Step two is to assess, in more detail, the potential effects of any dust on houses and other sensitive receptors. This step is influenced by the:

  • scale of the activity
  • sensitivity of the neighbouring environment
  • patterns of wind direction and speed
  • how the applicant proposes to mitigate effects
  • relevant guidelines such as the Ministry for the Environment’s Good Practice Guide for Assessing and Managing Dust¹ and international guidelines such as the Environmental Protection Agency (EPA) Victoria Guidelines².

If it is determined in step two that the proposed discharge of dust to the air could have minor or more than minor effects on people living in the area, the consent would be limited notified to those people. The application must be publicly notified if:

  • effects on the environment more widely are more than minor;
  • Environment Canterbury considers that exceptional circumstances apply; or
  • if the applicant requests it.

¹ Ministry for the Environment. 2016. Good Practice Guide for Assessing and Managing Dust. Wellington: Ministry for the Environment.
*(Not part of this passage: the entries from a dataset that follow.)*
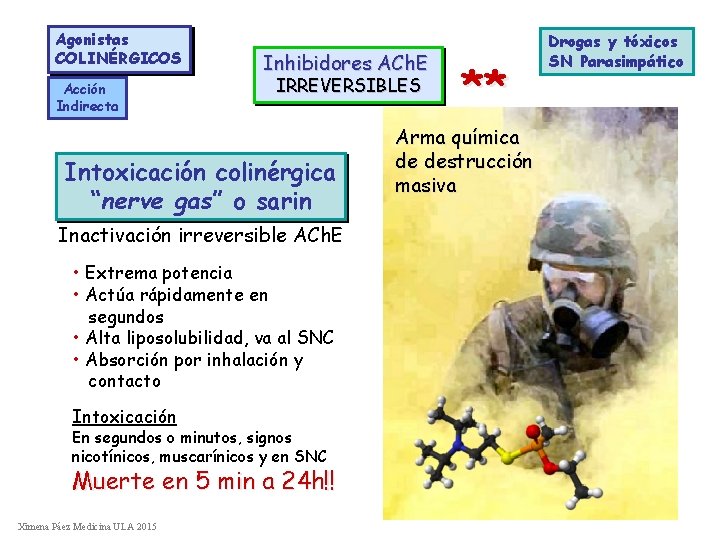 Agonistas COLINÉRGICOS Acción Indirecta Inhibidores ACh. E IRREVERSIBLES Intoxicación colinérgica “nerve gas” o sarin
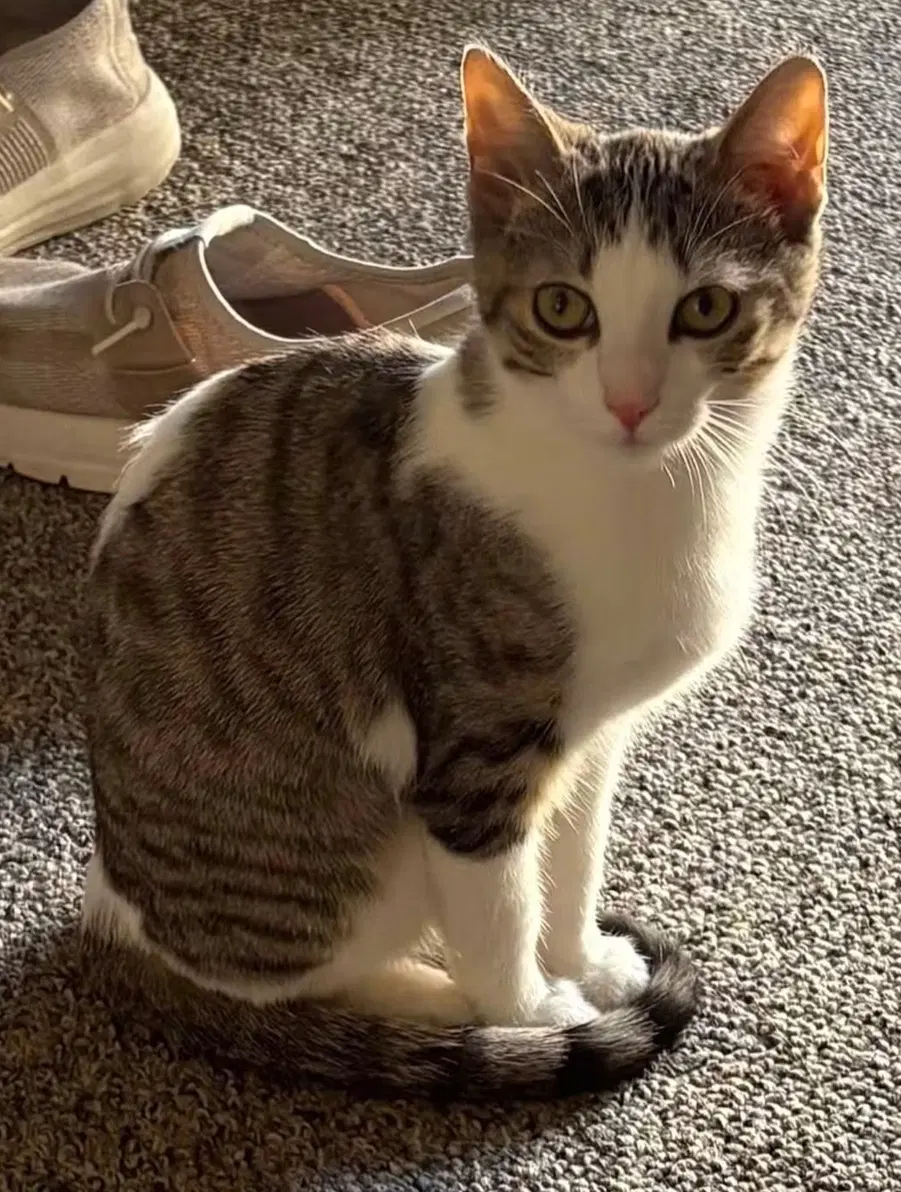 Sally Bonded With Simon - Domestic Short Hair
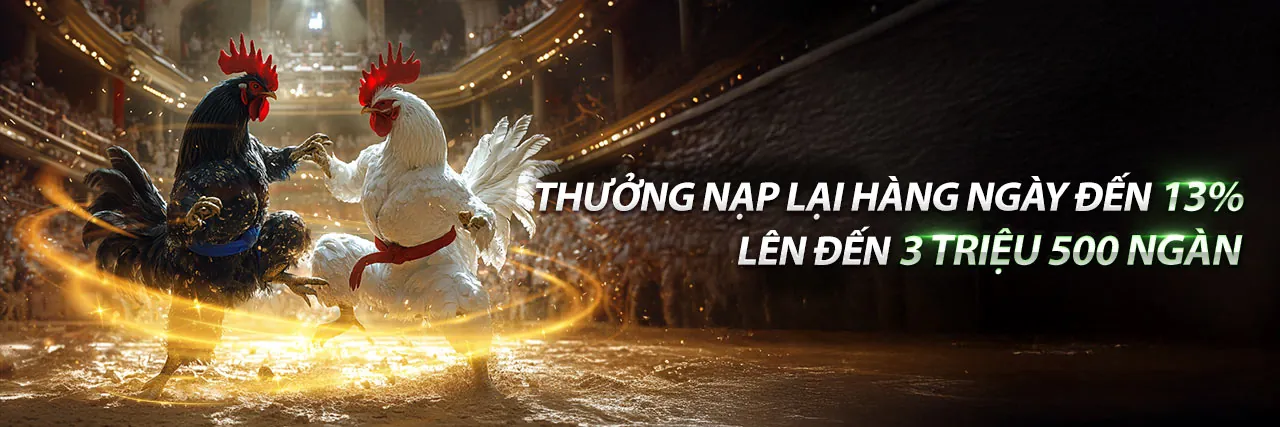 Sân đá gà trực tuyến đầy kịch tính tại 88xx nhà cái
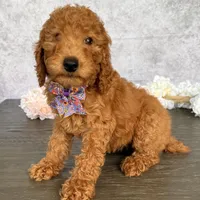 AKC- Lucy, a female Poodle - Standard  for sale in Cape Coral, FL – Photo 2 of 4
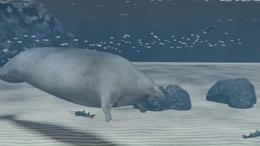 Paläontologen entdecken schwerstes Tier aller Zeiten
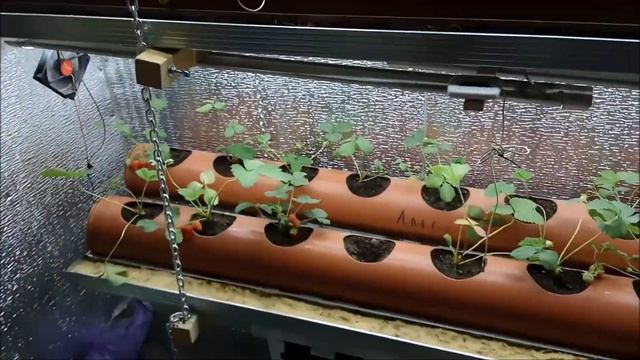 Клубника в трубе Грядка для клубники из трубы ПВХ 160мм смотреть онлайн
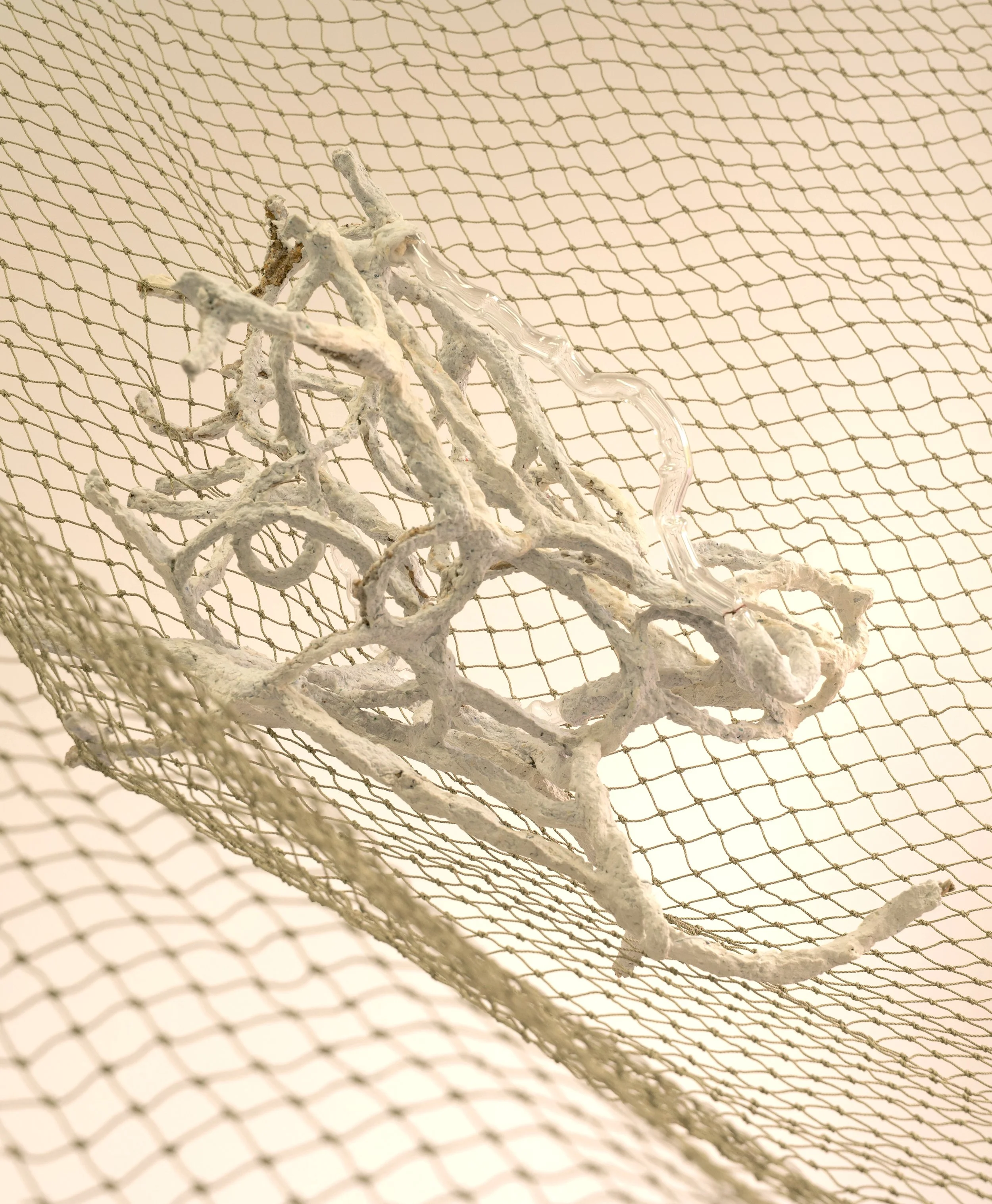 Benjamin Woods, ‘Rhizome’, 2024-2025, 
flame-work borosilicate glass (2021), seagrass twine, rope, wire, paper pulp, pva, plaster, gesso, acrylic paint. 59x41x31cm. Price: $900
² Environmental Protection Authority Victoria. Recommended separation distances for industrial residual air emissions. Publication 1518. March 2013

What happens after notification?

Following notification and receipt of submissions, the consent application goes for a decision on whether the consent can be granted or declined. If there are submitters to be heard, the decision is made through a hearing process by an independent hearings panel. This includes a recommendation made by Environment Canterbury reporting officers. For each application, the recommendation by Environment Canterbury about separation distances between the quarry and neighbouring properties will take into account the specific details of proposed quarrying at that site. 

The effects are considered along with any mitigations proposed, and a decision is then made consistent with RMA requirements and any applicable objectives and policies from relevant national and regional plans. Consent conditions may be applied to manage any effects.

Where consents are required from both the regional council and territorial authority, in most cases both sets of consents are processed in parallel and decided together.

How does quarrying generate dust?

In Canterbury, greywacke aggregate is quarried on the plains and is extracted from braided rivers. Open cast mining for coal and limestone also occurs at a few locations.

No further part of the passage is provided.